■ **Task to complete**: The listing below is to be reproduced in full, character for character.
**** The data
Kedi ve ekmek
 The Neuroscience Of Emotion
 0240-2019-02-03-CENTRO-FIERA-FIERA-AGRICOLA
********
■ **Result of this task**:
Kedi ve ekmek
 The Neuroscience Of Emotion
 0240-2019-02-03-CENTRO-FIERA-FIERA-AGRICOLA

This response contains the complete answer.